── INFORMATION GIVEN
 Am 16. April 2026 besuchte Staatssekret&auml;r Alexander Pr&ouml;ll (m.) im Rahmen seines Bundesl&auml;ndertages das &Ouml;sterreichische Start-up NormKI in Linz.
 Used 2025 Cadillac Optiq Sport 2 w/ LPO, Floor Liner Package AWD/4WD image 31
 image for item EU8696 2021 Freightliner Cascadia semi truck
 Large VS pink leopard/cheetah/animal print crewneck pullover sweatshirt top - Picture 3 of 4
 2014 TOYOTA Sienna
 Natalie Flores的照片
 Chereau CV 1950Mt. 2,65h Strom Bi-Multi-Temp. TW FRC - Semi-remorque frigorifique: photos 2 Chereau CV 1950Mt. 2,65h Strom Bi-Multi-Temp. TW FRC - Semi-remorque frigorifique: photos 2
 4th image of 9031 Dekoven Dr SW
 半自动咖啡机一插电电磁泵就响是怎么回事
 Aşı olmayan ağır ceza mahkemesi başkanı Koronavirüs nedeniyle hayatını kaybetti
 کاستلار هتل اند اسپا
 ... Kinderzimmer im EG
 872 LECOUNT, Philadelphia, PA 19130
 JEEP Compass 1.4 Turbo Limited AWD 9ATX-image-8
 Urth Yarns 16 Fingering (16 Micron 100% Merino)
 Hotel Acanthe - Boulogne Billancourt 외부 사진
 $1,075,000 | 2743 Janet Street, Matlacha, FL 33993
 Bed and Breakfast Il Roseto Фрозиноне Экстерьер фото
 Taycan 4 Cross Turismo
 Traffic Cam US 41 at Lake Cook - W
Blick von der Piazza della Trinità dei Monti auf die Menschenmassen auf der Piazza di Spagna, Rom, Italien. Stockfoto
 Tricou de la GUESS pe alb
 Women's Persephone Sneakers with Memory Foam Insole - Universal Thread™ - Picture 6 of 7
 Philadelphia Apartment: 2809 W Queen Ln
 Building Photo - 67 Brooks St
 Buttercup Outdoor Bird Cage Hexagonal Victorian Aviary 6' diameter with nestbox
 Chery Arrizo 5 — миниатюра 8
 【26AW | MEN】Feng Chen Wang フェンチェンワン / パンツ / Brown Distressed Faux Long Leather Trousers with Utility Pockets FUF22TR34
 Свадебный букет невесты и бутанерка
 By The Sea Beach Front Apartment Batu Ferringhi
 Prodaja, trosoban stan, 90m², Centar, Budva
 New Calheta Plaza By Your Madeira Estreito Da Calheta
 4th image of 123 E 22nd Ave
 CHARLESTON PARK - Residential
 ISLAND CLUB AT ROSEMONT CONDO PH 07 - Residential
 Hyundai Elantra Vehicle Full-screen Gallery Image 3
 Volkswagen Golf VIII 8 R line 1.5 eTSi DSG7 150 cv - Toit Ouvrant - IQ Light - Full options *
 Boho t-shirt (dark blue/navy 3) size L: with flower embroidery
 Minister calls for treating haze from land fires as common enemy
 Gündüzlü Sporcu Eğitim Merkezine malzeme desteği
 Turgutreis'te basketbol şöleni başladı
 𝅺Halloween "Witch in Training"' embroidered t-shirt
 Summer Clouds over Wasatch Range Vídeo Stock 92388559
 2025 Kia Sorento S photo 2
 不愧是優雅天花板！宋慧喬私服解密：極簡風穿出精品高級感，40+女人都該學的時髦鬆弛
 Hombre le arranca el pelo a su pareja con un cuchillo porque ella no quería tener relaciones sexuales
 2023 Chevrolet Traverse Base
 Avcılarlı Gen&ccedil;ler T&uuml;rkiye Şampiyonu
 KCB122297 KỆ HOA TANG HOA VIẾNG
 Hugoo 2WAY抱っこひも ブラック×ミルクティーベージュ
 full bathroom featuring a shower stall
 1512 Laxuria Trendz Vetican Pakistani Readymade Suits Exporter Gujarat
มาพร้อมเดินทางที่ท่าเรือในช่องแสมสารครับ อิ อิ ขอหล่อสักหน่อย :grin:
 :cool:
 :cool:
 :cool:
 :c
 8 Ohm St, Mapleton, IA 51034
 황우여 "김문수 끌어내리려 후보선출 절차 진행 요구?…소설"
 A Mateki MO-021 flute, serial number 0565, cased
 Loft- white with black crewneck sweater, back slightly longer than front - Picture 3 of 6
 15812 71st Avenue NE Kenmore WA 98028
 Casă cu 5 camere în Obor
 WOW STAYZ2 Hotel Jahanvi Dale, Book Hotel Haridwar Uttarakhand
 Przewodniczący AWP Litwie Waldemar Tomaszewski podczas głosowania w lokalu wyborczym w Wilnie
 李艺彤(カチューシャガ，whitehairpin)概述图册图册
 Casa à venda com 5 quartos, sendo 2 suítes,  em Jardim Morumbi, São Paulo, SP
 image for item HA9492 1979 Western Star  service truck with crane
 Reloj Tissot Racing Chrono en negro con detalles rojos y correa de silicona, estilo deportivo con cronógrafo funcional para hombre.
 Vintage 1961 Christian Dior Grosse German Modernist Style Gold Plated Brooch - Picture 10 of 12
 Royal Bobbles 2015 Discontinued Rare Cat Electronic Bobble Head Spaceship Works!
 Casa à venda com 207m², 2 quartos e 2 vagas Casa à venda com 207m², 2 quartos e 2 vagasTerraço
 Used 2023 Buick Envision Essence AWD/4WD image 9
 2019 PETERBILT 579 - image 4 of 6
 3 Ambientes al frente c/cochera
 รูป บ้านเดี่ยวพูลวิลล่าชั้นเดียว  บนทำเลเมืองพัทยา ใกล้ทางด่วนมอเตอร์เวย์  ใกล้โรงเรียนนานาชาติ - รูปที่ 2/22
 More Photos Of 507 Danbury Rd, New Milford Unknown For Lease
────
Your answer should consist of each line of the data above in which the word "venda" occurs.

 Casa à venda com 5 quartos, sendo 2 suítes,  em Jardim Morumbi, São Paulo, SP
 Casa à venda com 207m², 2 quartos e 2 vagas Casa à venda com 207m², 2 quartos e 2 vagasTerraço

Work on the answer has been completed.